[Crawled caption data]
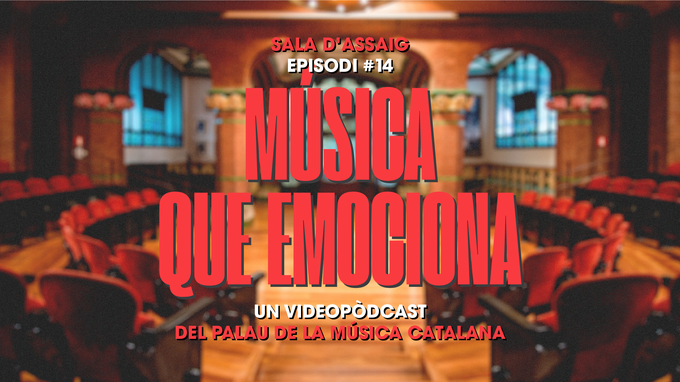 Música que emociona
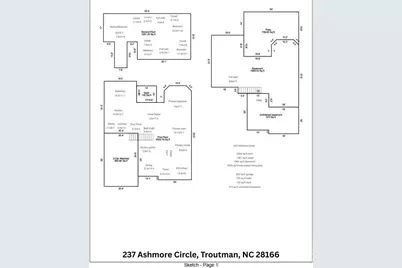 237 Ashmore Circle, Troutman, NC 28166 - Photo 48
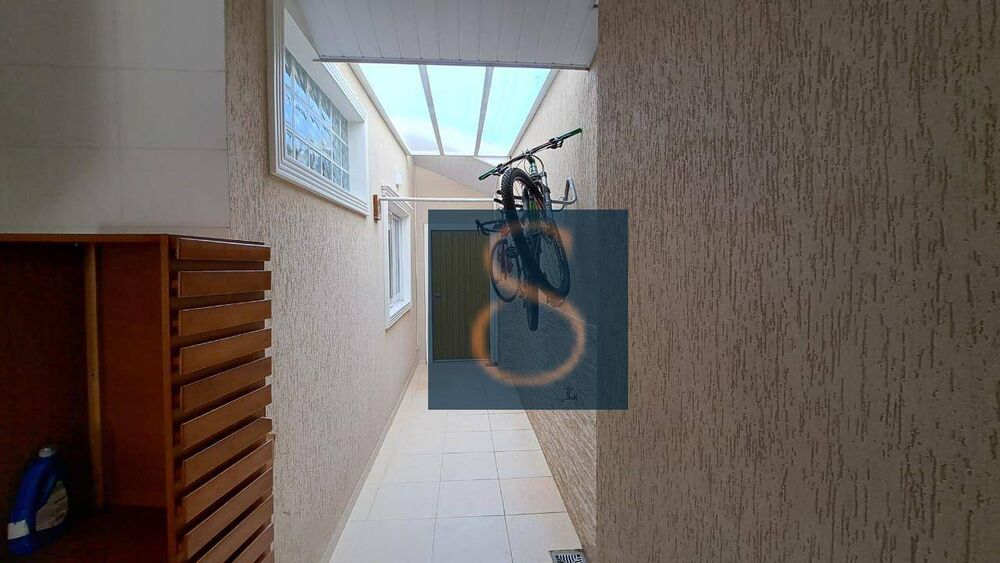 Casa de Condomínio, 3 quartos - Foto 7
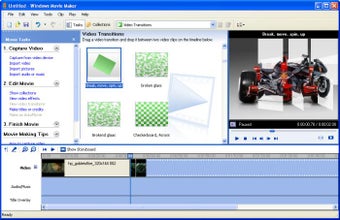 Image 0 for Portable Windows Movie Ma…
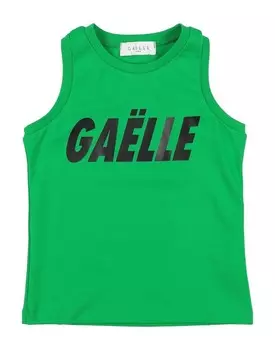 Футболка Galle Paris, зеленый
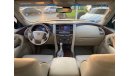 Nissan Patrol //2013// NISSAN PATROL LE // PLATINUM // GCC FULL OPTION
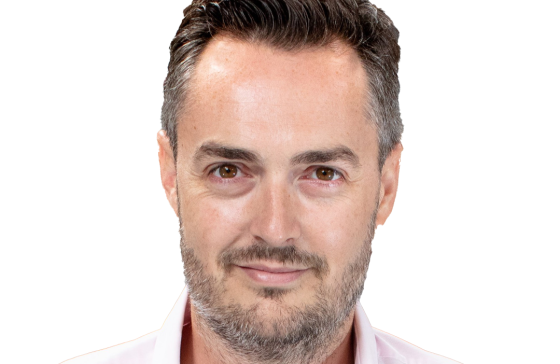 Johan Renaud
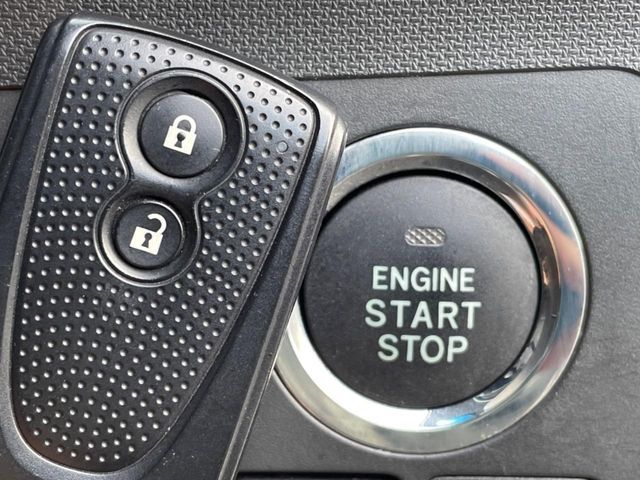 DAIHATSU MOVE CUSTOM 2013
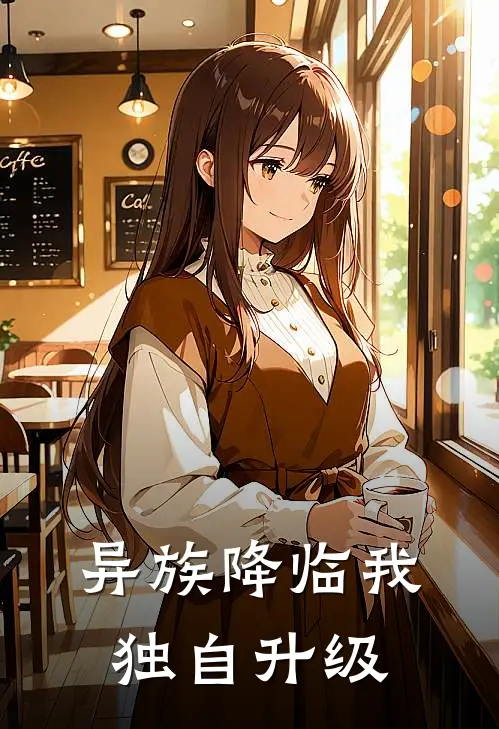 异族降临我独自升级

*Problem to work on*
Starting at the line that contains "237 Ashmore Circle, Troutman, NC", write out every line through the final line of the entries, word for word; skip any pictures.

*Task response*
 237 Ashmore Circle, Troutman, NC 28166 - Photo 48
 Casa de Condomínio, 3 quartos - Foto 7
 Image 0 for Portable Windows Movie Ma…
 Футболка Galle Paris, зеленый
 Nissan Patrol //2013// NISSAN PATROL LE // PLATINUM // GCC FULL OPTION
 Johan Renaud
 DAIHATSU MOVE CUSTOM 2013
 异族降临我独自升级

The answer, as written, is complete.